WHAT THE TASK REQUIRES: In the entries below, begin at the line that has "ESSAGER 100W GaN", stop after the line that has "Family Tree Print Custom Gold Foil", and output those lines exactly with no pictures.

DATA LISTING:
***

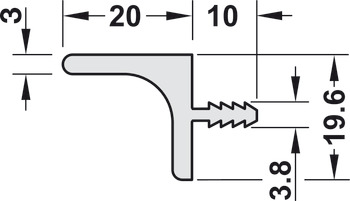 Profilé de fond de tiroir, Aluminium, longueur 2500 mm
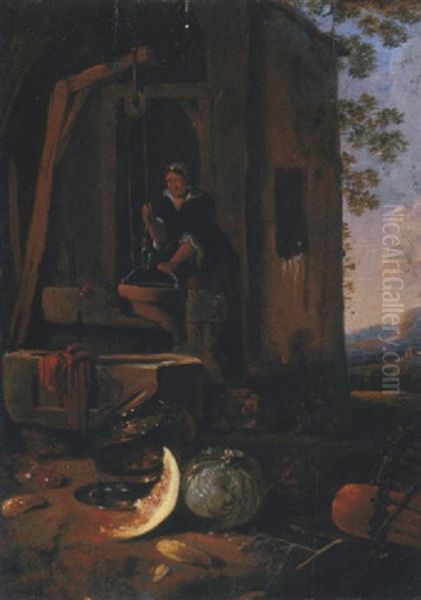 A Peasant Woman Drawing Water From A Well - view 1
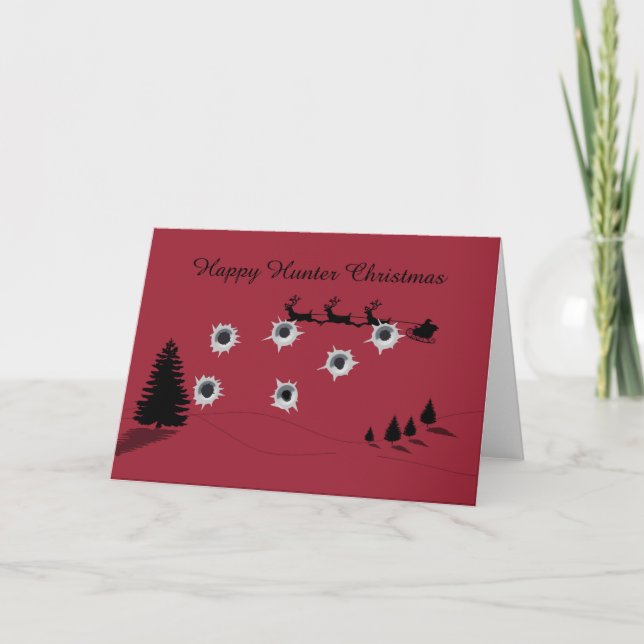 Happy Hunter Christmas Holiday Card (Front)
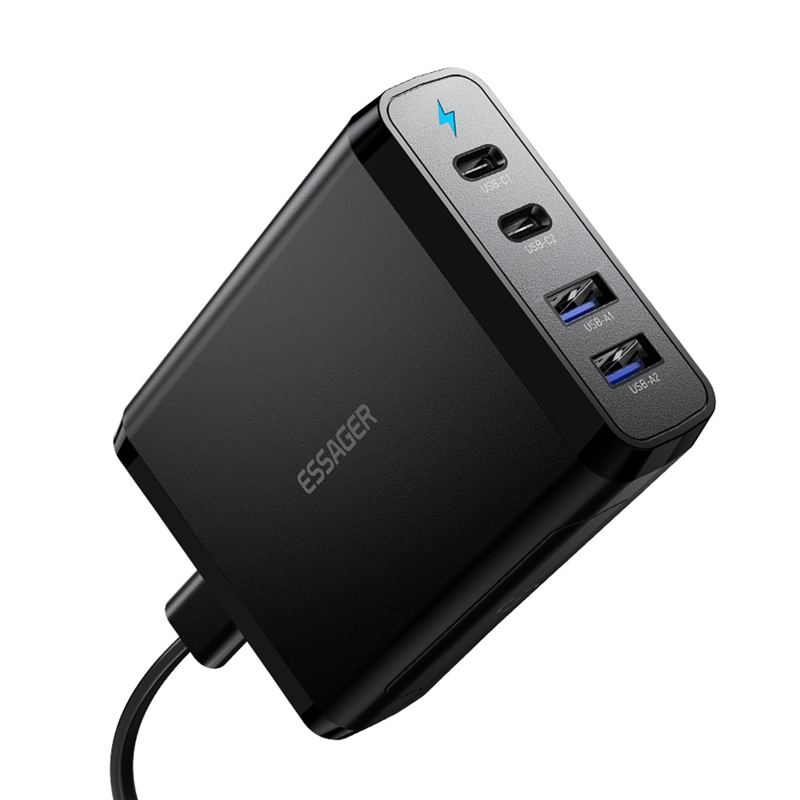 ESSAGER 100W GaN USB Type C Desktop Charger Quick Chagers Multi-Port Charger for Samsung IPhone Laptop Chagers US Plug. 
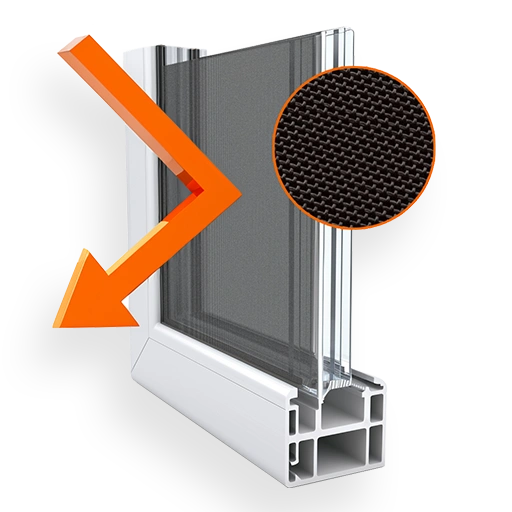 Energy-efficient UV blocking screen for storm door.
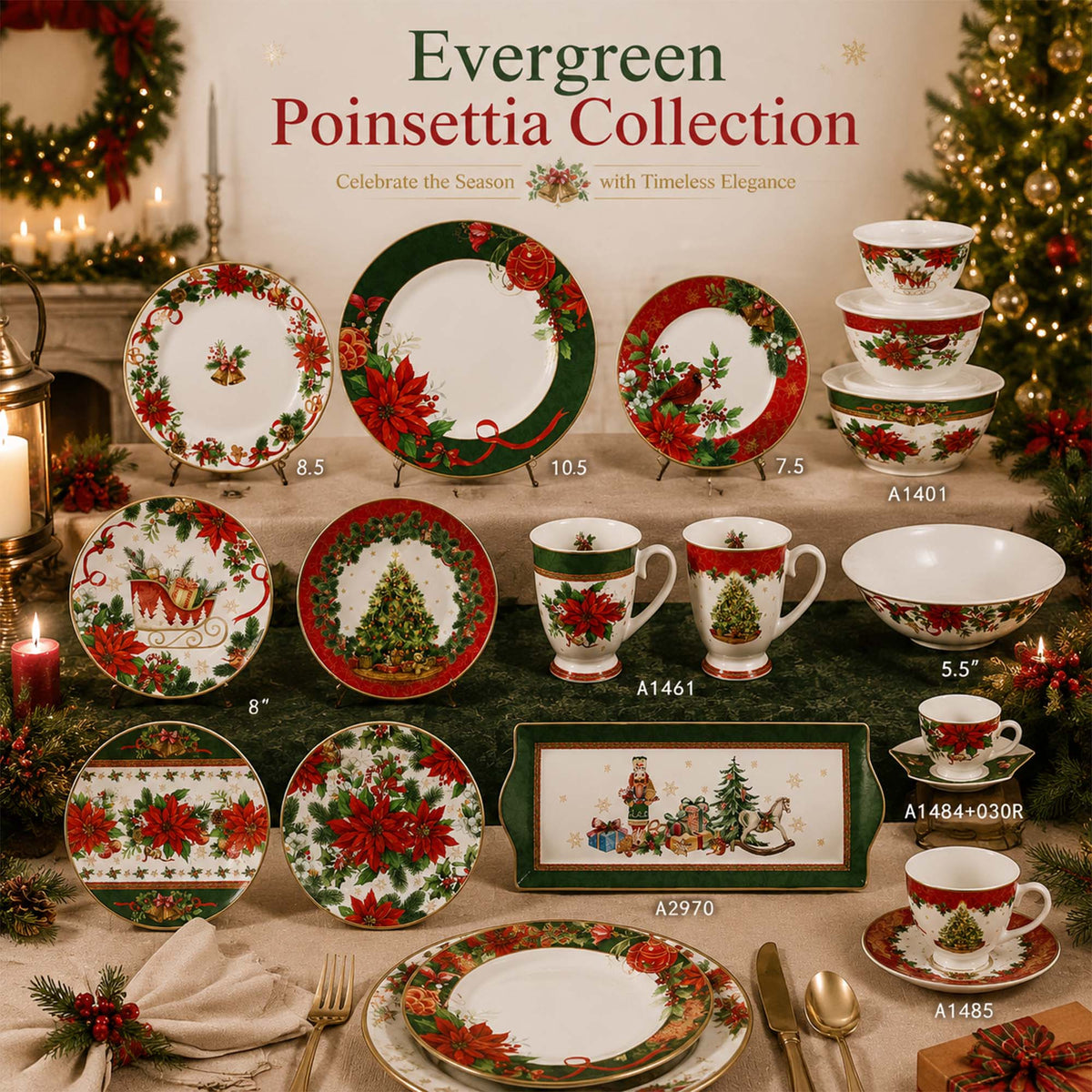 Donglin Homeware DI230024 Evergreen Poinsettia Collection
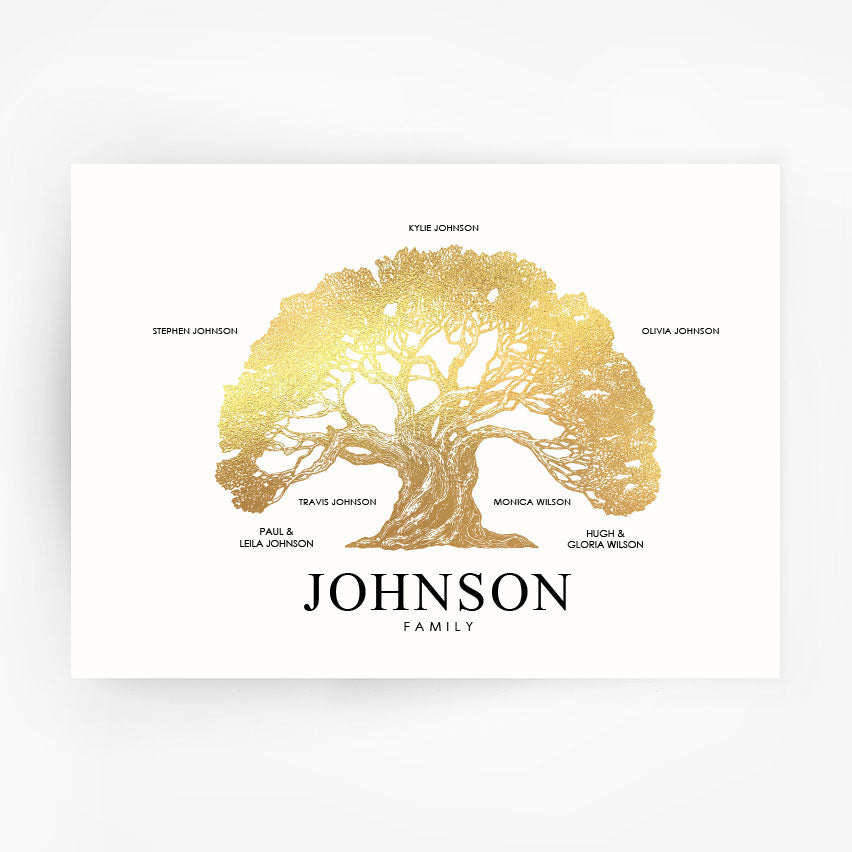 Family Tree Print Custom Gold Foil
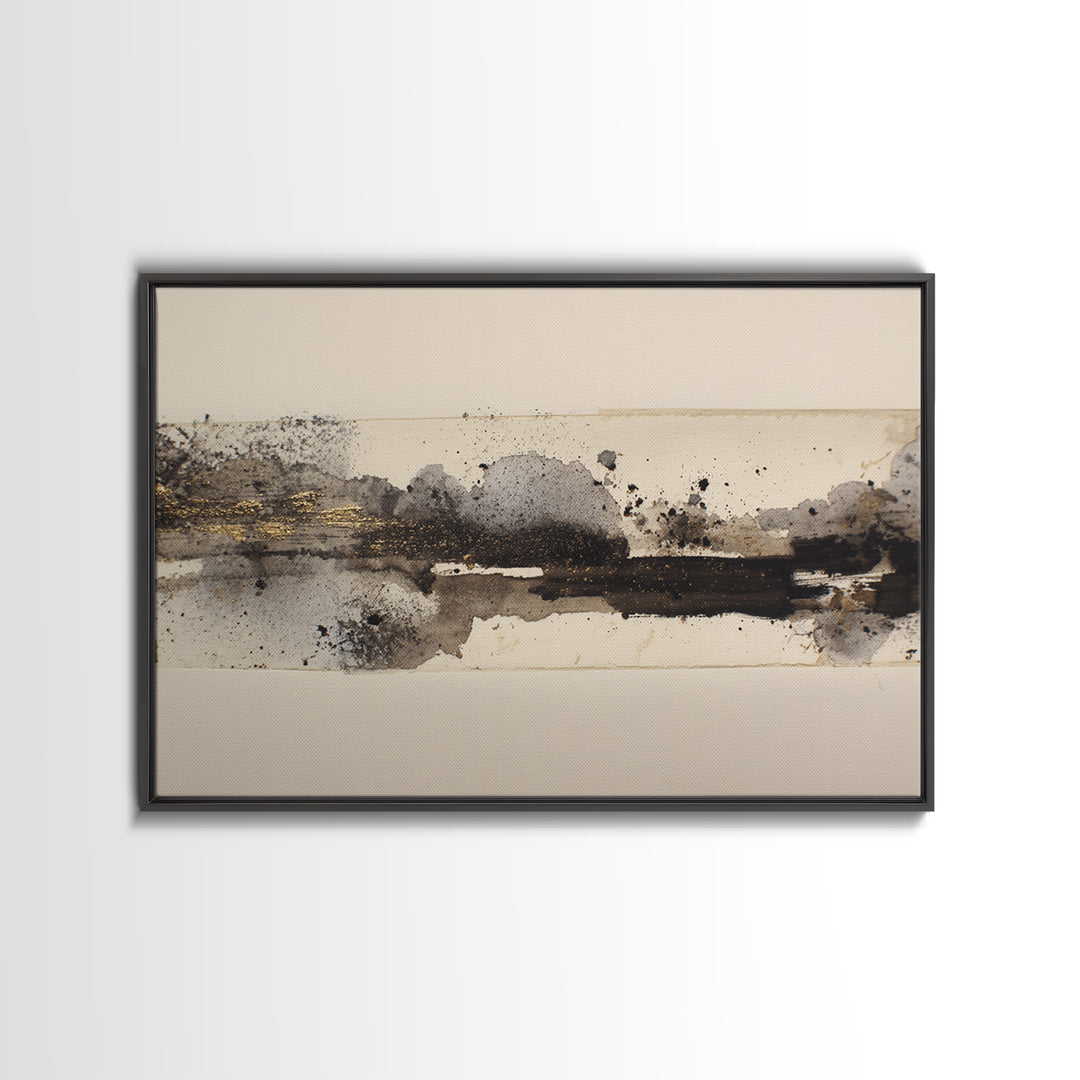 Ink Splatter and Long Brushstroke Composition Canvas Print, Calligraphy Art, Neutral Decor, Living Room Decor, Fine Art, Script, CAL-3x2-68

***

THE ANSWER:
 ESSAGER 100W GaN USB Type C Desktop Charger Quick Chagers Multi-Port Charger for Samsung IPhone Laptop Chagers US Plug. 
 Energy-efficient UV blocking screen for storm door.
 Donglin Homeware DI230024 Evergreen Poinsettia Collection
 Family Tree Print Custom Gold Foil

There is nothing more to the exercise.